Lediglich ein Termin steht unumstößlich fest, das ist inzwischen auch bekannt: Am 30. Juni 2025 müssen die Pächter Markus und Barbara König das Gelände geräumt haben. Am Vatertag 2025 (29. Mai) wollen sie die Gaststätte ein letzten Mal öffnen.
Und jetzt eine neue Information: Bis zum Auszug der Königs will die Stadtverwaltung die Ausschreibungen für die Außenanlagen und den Abriss der Gebäude abgeschlossen haben. Und: Spätestens 2026 soll mit dem Neubau der Gaststätte begonnen werden.
Offen ist, wie lange sich die Bauarbeiten hinziehen werden. Vogt: „Die Dauer der Baumaßnahme ist nicht bezifferbar.“
Nun könnte man als verantwortungsbewusster Stadtverordneter ja mal fragen: Hallo Magistrat, was ist denn da oben eigentlich genau geplant?
Die Antworten, die bisher gegeben wurden, waren mehr als dürftig. Nur Schlagworte: eine neue Gaststätte soll gebaut werden, dahinter ein „Haus des Waldes“ und ein „Haus der Michelsberger Kultur“.
In der Stadtverordnetenversammlung hat niemand nach weiteren Einzelheiten gefragt – außer der Linken Barbara Grassel, die fragt immer, und sie hat wieder keine Antwort bekommen.
Es wird wohl ein Überraschungspaket.
Was noch mitgeteilt wurde: Die Gaststätte soll etwas größer werden als heute. Statt 249 Quadratmeter sollen es 358 Quadratmeter sein (darin enthalten ist allerdings auch die Lagerfläche: einen Keller wird es nicht mehr geben).
Wie die Gaststätte aussehen wird: Nüchterner Zweckbau? Oder – wie schon mal in der Überlegung – ein Wirtshaus im prolligen Bayern-Look?
Niemand weiß es genau.
Wie wenig durchdacht das ganze Vorhaben ist, zeigt folgendes Beispiel:
Hinter der Gaststätte soll laut Magistrat ein „Haus der Michelsberger Kultur“ entstehen. Man wüsste natürlich gerne mal, was darunter zu verstehen ist…
Vor zwei Jahren berichtete die Frankfurter Rundschau unter Berufung auf Bürgermeister Vogt, dass dort Fundstücke präsentiert werden sollen: Geplant sei die Rekonstruktion der Lebensumstände in der Jungsteinzeit sowie ein 3-D-Modell des Kapellenbergs mit Ringwall, Hügelgräbern und Wachturm.
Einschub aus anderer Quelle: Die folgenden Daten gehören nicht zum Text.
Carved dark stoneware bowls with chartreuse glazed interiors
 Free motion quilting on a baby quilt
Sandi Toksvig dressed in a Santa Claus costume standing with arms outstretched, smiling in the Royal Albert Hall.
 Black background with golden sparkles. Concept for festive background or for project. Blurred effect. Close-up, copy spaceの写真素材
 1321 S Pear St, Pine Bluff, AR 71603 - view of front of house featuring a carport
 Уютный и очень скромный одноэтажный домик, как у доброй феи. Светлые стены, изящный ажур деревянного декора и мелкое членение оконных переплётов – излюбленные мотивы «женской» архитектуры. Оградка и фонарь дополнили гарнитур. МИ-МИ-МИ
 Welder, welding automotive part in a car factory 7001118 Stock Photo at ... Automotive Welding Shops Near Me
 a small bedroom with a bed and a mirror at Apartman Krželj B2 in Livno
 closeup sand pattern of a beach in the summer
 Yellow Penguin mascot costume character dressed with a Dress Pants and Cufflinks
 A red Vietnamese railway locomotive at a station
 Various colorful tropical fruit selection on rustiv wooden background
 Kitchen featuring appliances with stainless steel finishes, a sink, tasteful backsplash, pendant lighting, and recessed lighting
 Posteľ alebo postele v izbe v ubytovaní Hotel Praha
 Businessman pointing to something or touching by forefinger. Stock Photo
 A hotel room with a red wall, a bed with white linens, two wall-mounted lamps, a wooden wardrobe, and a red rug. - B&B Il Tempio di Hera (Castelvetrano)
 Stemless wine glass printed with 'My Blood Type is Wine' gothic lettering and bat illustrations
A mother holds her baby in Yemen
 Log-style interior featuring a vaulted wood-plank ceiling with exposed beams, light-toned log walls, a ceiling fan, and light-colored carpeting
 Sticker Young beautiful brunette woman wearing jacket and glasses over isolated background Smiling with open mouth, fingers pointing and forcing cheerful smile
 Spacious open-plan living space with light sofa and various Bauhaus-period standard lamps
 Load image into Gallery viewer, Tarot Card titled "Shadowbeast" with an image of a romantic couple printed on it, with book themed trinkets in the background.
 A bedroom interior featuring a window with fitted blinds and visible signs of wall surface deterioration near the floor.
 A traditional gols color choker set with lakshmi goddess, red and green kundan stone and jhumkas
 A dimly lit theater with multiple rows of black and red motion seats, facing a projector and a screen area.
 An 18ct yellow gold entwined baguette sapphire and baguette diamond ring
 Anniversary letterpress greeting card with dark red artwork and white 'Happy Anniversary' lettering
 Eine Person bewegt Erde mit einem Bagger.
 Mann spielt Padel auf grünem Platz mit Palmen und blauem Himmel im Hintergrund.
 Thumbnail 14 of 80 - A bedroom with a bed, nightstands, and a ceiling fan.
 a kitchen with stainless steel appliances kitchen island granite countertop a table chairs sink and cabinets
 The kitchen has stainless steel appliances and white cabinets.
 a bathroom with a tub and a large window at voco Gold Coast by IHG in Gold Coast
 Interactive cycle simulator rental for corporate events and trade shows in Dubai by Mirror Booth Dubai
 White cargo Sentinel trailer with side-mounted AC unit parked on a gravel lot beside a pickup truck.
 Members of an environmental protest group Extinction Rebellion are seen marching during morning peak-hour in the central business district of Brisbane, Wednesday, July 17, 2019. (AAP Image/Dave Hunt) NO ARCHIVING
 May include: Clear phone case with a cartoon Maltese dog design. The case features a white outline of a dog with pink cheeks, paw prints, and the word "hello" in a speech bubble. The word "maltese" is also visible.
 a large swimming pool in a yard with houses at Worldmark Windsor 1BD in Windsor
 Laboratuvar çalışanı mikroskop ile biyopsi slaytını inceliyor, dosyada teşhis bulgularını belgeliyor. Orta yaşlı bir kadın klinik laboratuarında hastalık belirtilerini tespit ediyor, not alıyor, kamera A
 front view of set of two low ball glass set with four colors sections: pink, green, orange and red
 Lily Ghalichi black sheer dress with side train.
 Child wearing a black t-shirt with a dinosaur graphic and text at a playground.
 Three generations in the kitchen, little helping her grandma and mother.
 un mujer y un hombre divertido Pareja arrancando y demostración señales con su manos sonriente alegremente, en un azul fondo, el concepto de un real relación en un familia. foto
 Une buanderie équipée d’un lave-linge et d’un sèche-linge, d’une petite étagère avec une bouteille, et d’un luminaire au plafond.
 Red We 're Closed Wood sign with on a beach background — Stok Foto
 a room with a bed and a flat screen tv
Im August letzten Jahres schrieb das Kreisblatt, laut Bürgermeister Christian Vogt wolle man die Öffentlichkeit über die Steinzeit-Siedlung auf dem Kapellenberg informieren.
Im Mai dieses Jahres erkundigten sich CDU, FWG und FDP nach Details. Sie wurden vom Magistrat mit der Antwort abgespeist: Ein Landschaftsplaner habe ein Konzept erarbeitet, und zwar in Abstimmung mit Prof. Dr. Detlef Gronenborn, einem Archäologen an der Universität Mainz, der seit Jahren die Forschungen auf dem Kapellenberg leitet. Wie das Konzept aussieht: Das wurde nicht verraten.
Und jetzt die allerneueste Entwicklung:
In den Plänen, die den Stadtverordneten vorgelegt wurden, ist von einem „Spielhaus Michelsberger Kultur“ die Rede.
Ein Spielhaus?
Ja, wirklich wahr: ein Spielhaus!
Ebenso unklar sind Vogts Pläne für ein „Haus des Waldes“. Als er 2022 beim Kreis um einen Zuschuss nachfragte, war von Räumen für Ausstellungen und Seminaren sowie einer Waldapotheke die Rede. Vogt versprach Sozialräume für den Gaststättenbetrieb und neue Toiletten.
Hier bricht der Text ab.